BECKS

BECKS

BECKS

April 29,
20:15–21:00

Concert @
Club Bahnhof Ehrenfeld

Rebecca Thomalla aka BECKS has stopped worrying about what other people say. For too long, the twenty-something has suffered from being supposedly different from the norm. Until she took that very supposed otherness - and turned it into her strongest weapon. With this attitude, BECKS has now not only captivated over 770k followers:inside on TikTok, but also recorded over four million cross-platform streams with her first three singles "Chemie", "Avatar" and "Blutmond" after only a short time.

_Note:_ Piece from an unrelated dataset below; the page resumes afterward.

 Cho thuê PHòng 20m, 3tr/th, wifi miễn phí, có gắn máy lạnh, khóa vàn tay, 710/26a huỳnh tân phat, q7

BECKS' path to self-discovery is through TikTok: In early 2020, she begins posting Acting and Lipsync performances on the video platform. Increasingly, her community wants her to post her own music as well. One night - as is often the case, she can't sleep and is rolling thoughts around in her head - she writes a song called "Chemistry". She decides to upload a snippet to TikTok, which is a big step in two ways. Because first, after years of writing songs in private, she dares to share her music publicly for the first time - and second, the song is tantamount to her coming out. "What's so wrong with loving a woman instead of a man / Do I hurt you with it, if you knew how often I've suffered because of it" - in "Chemie" BECKS describes her sometimes painful path of self-discovery. And she does it in a captivatingly good way: The voice - incredibly casual, almost bored. The beat - dust-dry, funky. The lyrics are the opposite of dry as dust and bored, but in a disarmingly honest way BECKS' autobiographical experience.

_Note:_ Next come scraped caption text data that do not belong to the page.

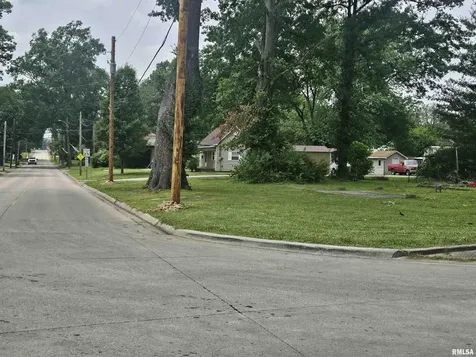 0000 South Duquoin Street Benton IL 62812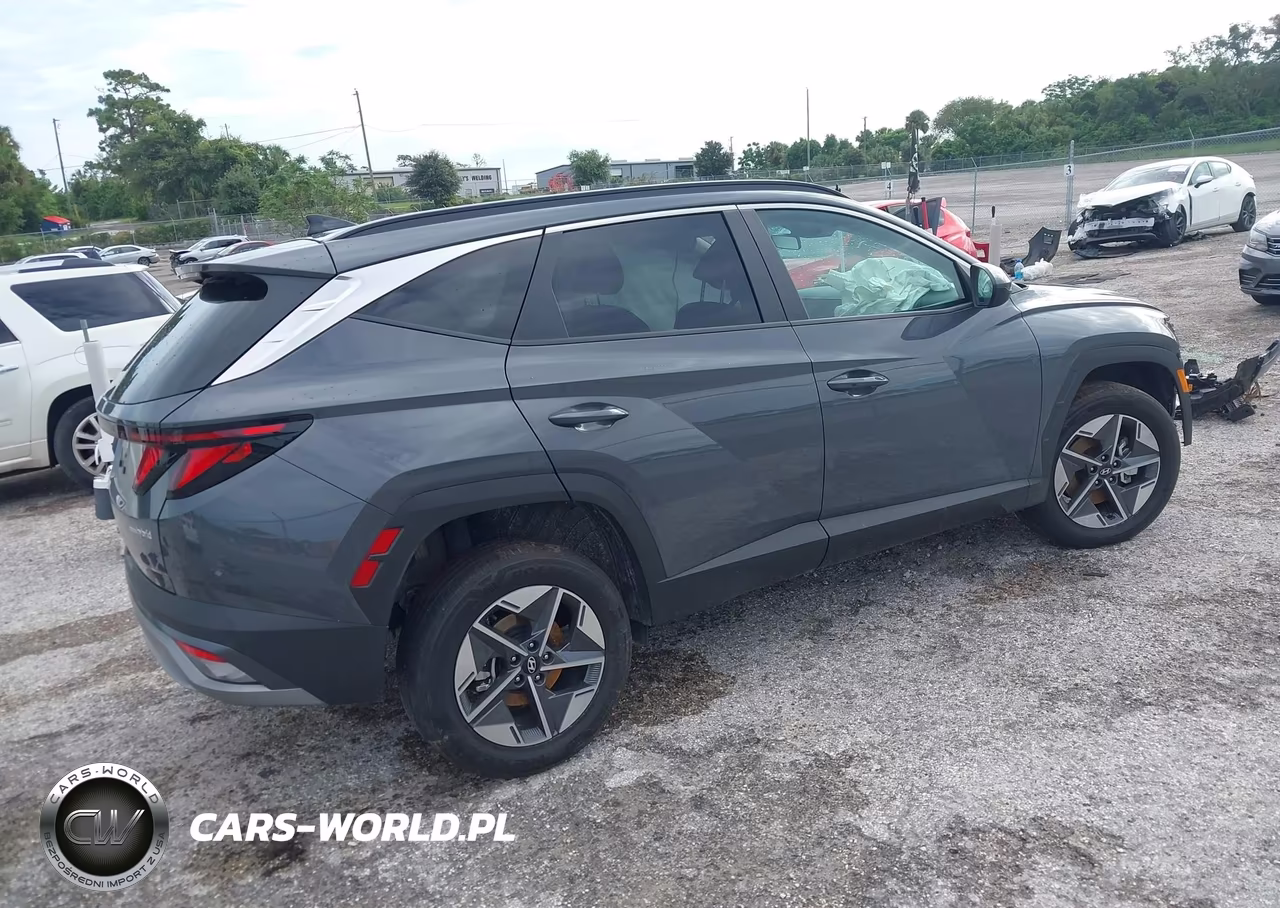 2026 Hyundai Tucson Hybrid Sel VIN:KM8JBDD13TU439856 - 4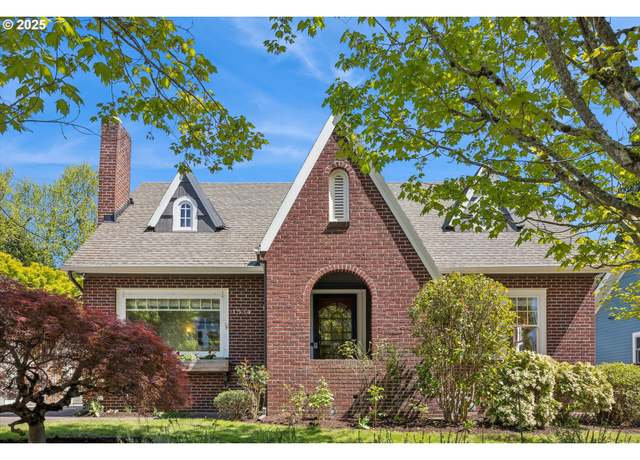 Property at 1534 SE 59th Ave, Portland, OR 97215, 3 beds, 3 baths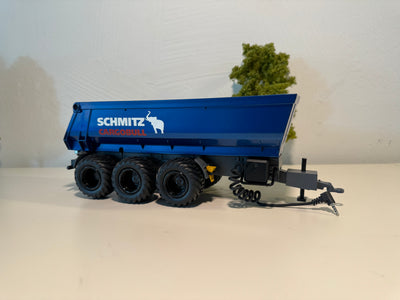 Seitenansicht:
Kipper in blau, Felgen in schwarz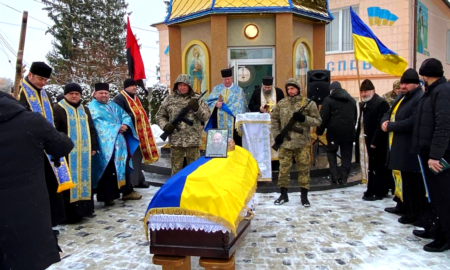 У Городенці громада на колінах зустріла загиблого Героя Романа Яринського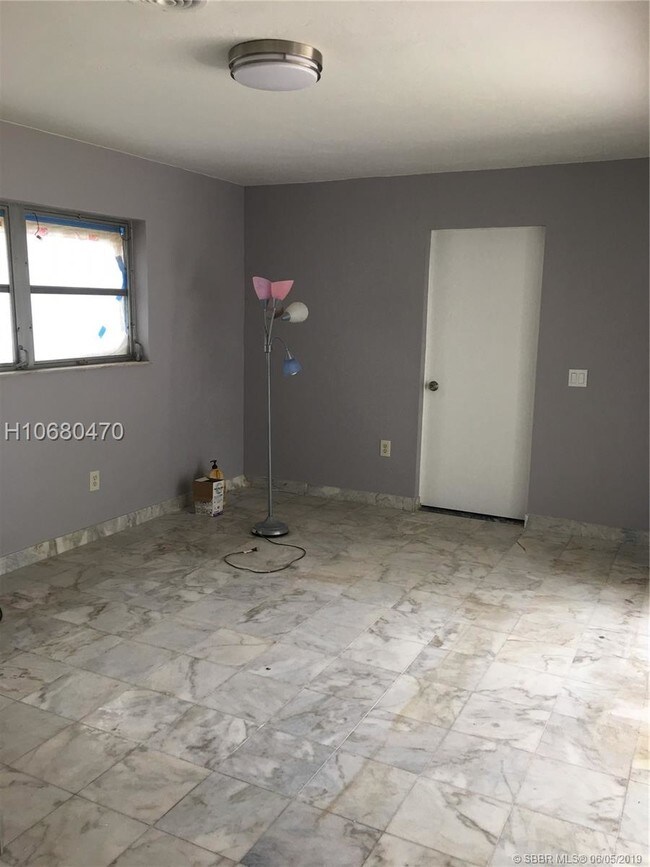 Foto del edificio - 4001 NW 92nd Ave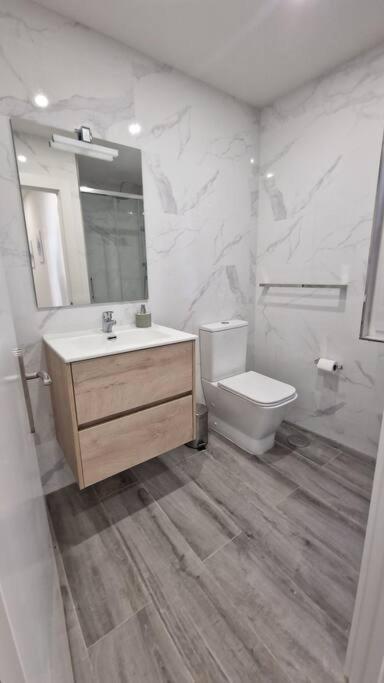 Apartamento Aires De Tineo Oviedo Exterior foto
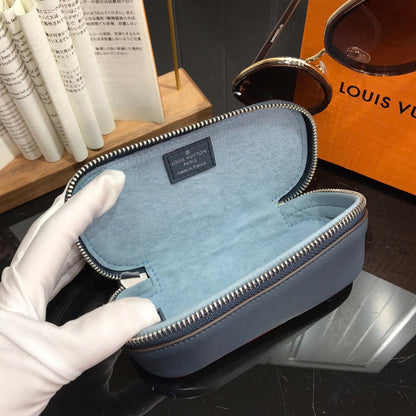 Franco Shops - Louis Vuittons  - 9306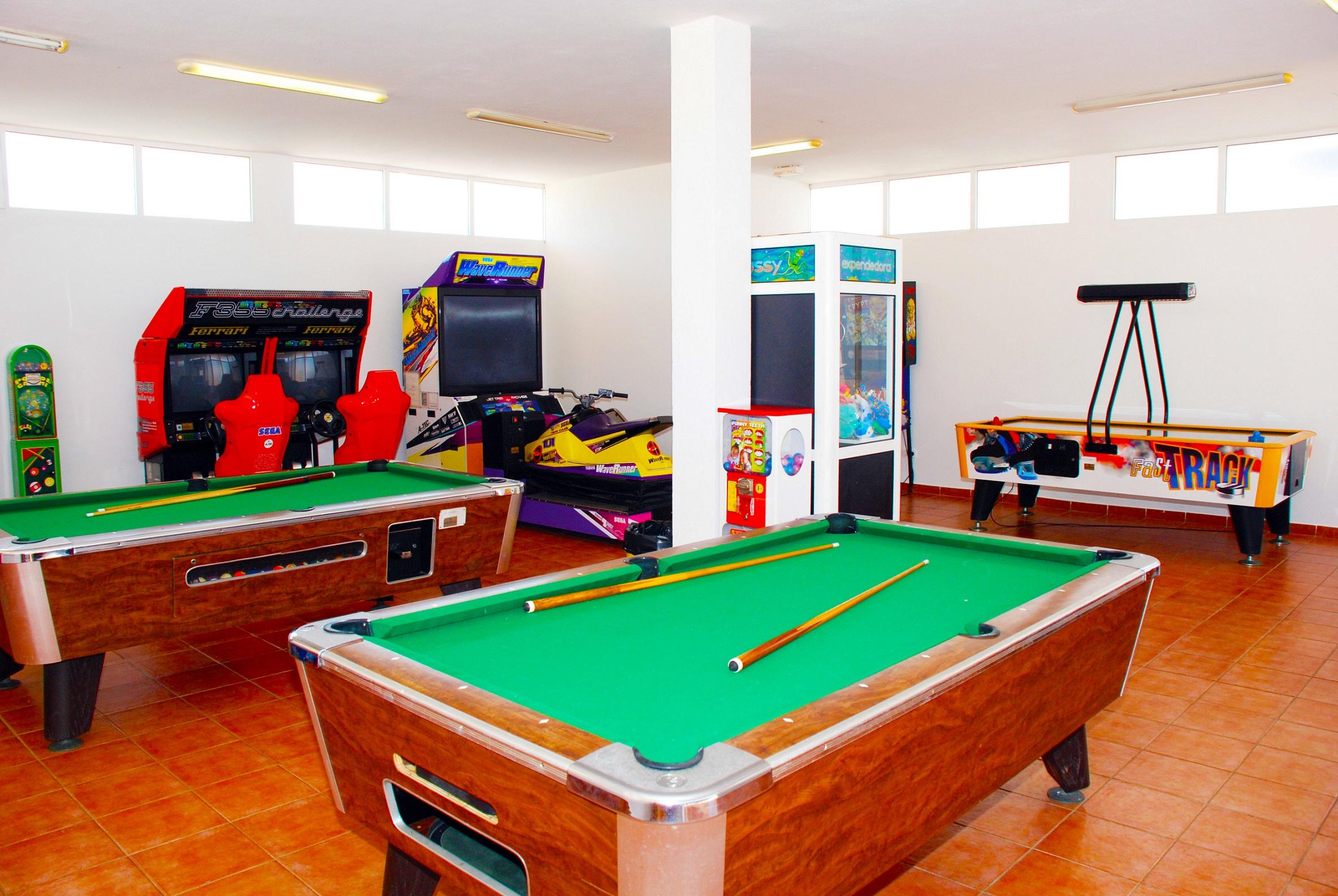 Aparthotel Vistapicas 3*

The reactions on the web show just how many people she sings from the heart: The very first snippet to "Chemie" goes viral with over 9,000 creations. "Before I was outed, I never knew exactly: why, why, why?" she reports. "Why me? Why am I attracted to women and not someone else? I suffered a lot from it, which has a lot to do with growing up in a small town where everyone talks about everyone else." In the meantime, BECKS has moved from Düren to Berlin, where she feels completely accepted. And in other respects, too, she has completely come into her own: "I'm no longer interested in what others think. I try something new every day, even with my appearance. I actually have short hair and usually dress masculine, simply because I like it. But sometimes I have days when I put on a wig and a dress," says BECKS.

It's statements like these that make BECKS a trailblazer for gender identity, LGBTQ+ and queer empowerment. She is a mouthpiece for her generation, taking the issues to the world with optimism. BECKS is aware of the responsibility that comes with the role - and she embraces it: "I get messages every day from people who write to me: 'I wasn't feeling so well, then I watched your videos and afterwards I felt much better', or: 'When you were live, you completely distracted me from what was happening with me'. In those moments, I think: Yes, it's the right decision to do what I think is right."

The queer program content of c/o pop is supported by: Landesarbeitsgemeinschaft Lesben in NRW, Queeres Netzwerk NRW and the Ministry for Children, Youth, Family, Equality, Flight and Integration of the State of North Rhine-Westphalia.

The concert is part of the funding project "c/o pop 2023 musichubgermany" and is supported by the Initiative Musik gemeinnützige Projektgesellschaft GmbH with project funds from the Federal Government Commissioner for Culture and the Media.